Plaintiff asks this Court to vacate the arbitrators' award. Plaintiff argues in Count I of its complaint that the award is void as arbitrator "misconduct" because the arbitrators failed to apply the proper standard in determining compensation. In Count II, plaintiff alleges that this same failure amounts to a denial of due process. Counts III and IV concern the constitutional validity of the statute itself; plaintiff argues that the arbitration statute is in violation of Article III and the Fifth Amendment. Both of these arguments have been mooted by recent decisions of the Supreme Court, Ruckelshaus v. Monsanto Co., 467 U.S. 986, 104 S. Ct. 2862, 81 L. Ed. 2d 815 (1984) and Thomas v. Union Carbide Agricultural Products Co., 473 U.S. ___, 105 S. Ct. 3325, 87 L. Ed. 2d 409 (1985). In Counts V and VI, plaintiff argues that the Court should vacate the award because of Stauffer's alleged fraud or misrepresentations concerning the evidence presented to the arbitrators.

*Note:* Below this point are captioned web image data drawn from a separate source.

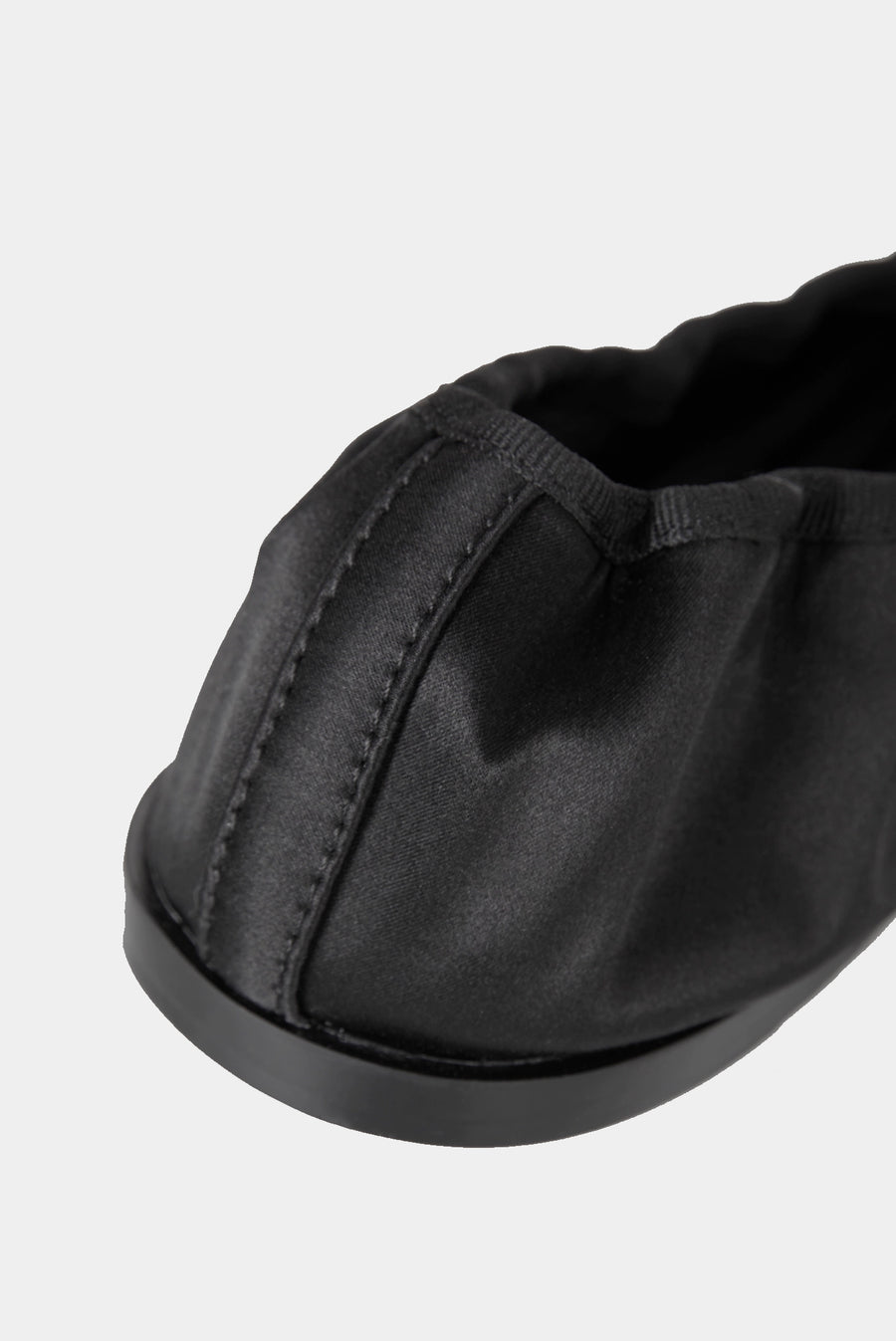 Silk Ballerina Flats - Black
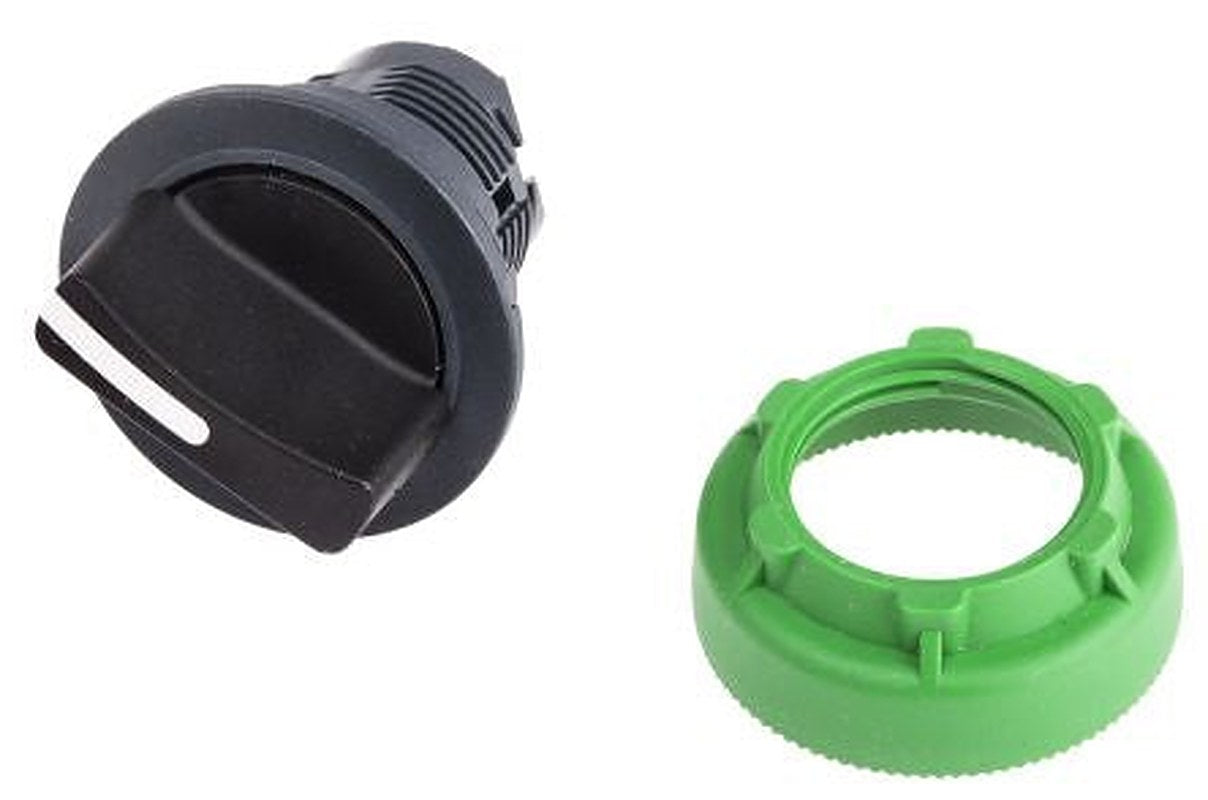 Schneider Electric Harmony XB5 Series 2 Position Selector Switch Head, 30 mm Cutout, Black Handle, IP67, IP66, IP69K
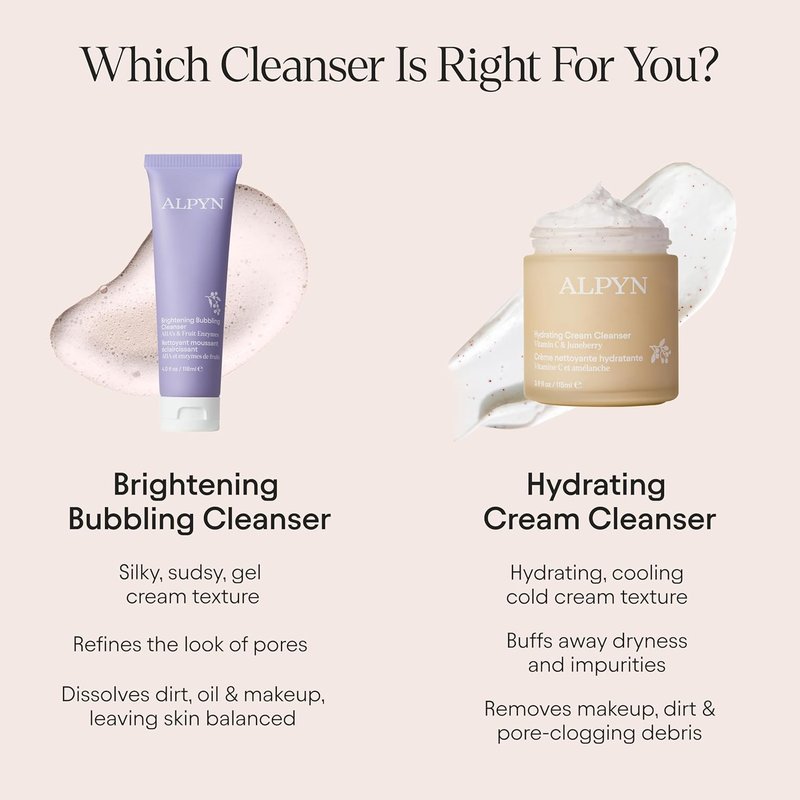 ALPYN Creamy Bubbling Cleanser - Glycolic Acid Face Wash for Pores & Blackheads | 4 oz / 118 ml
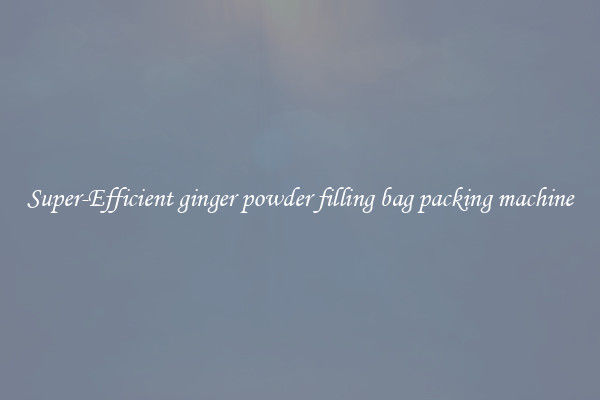Super-Efficient ginger powder filling bag packing machine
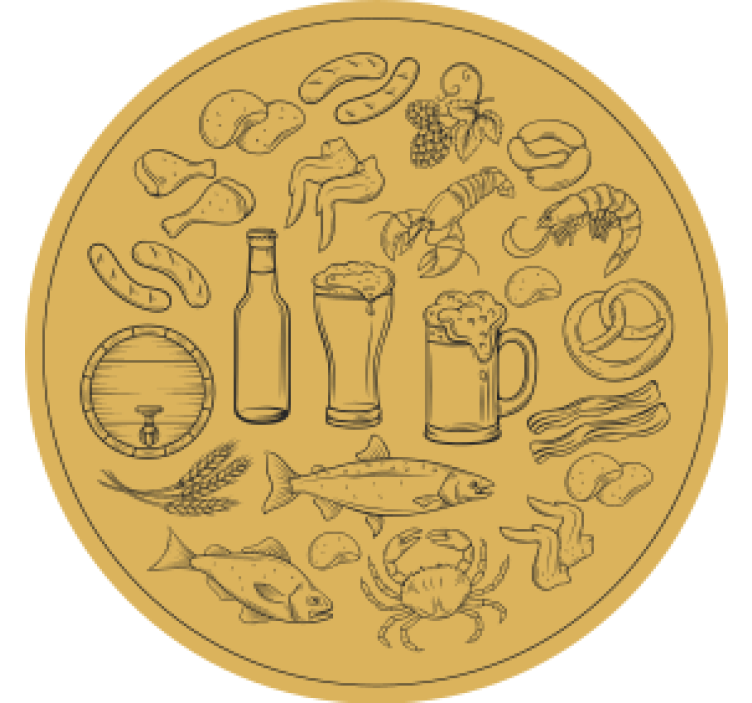 Bases para copos cerveja Ícones de comida e bebida - TenStickers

As Counts III and IV are moot, and Counts V and VI are not addressed in these motions, the issues presented to the Court are limited: whether FIFRA provides a standard of compensation, and, if so, whether it is "misconduct" or a violation of due process for arbitrators to fail to apply that standard. Because the Court discerns no standard in the statute, it is unnecessary to reach the latter two issues. The Court finds that Stauffer is entitled to dismissal of Counts I-IV of the complaint.

Statutory Background

Since the enactment of FIFRA in 1947, pesticide manufacturers have been required to register their products, originally with the Department of Agriculture and, *87 since 1970, with the Environmental Protection Agency (EPA), before distribution or sale in interstate commerce. See 7 U.S.C. § 136a (1982). Under FIFRA § 3(c)(5), an applicant must demonstrate, inter alia, that its pesticide will not cause "unreasonable adverse effects on the environment." Id. § 136a(c)(5). Additionally, for pesticides that may leave a residue on food crops, the applicant must obtain a tolerance from EPA. 21 U.S.C. § 346(a). To make these showings, applicants conduct tests on their products and submit the results to EPA. 7 U.S.C. § 136a(c)(1)(D).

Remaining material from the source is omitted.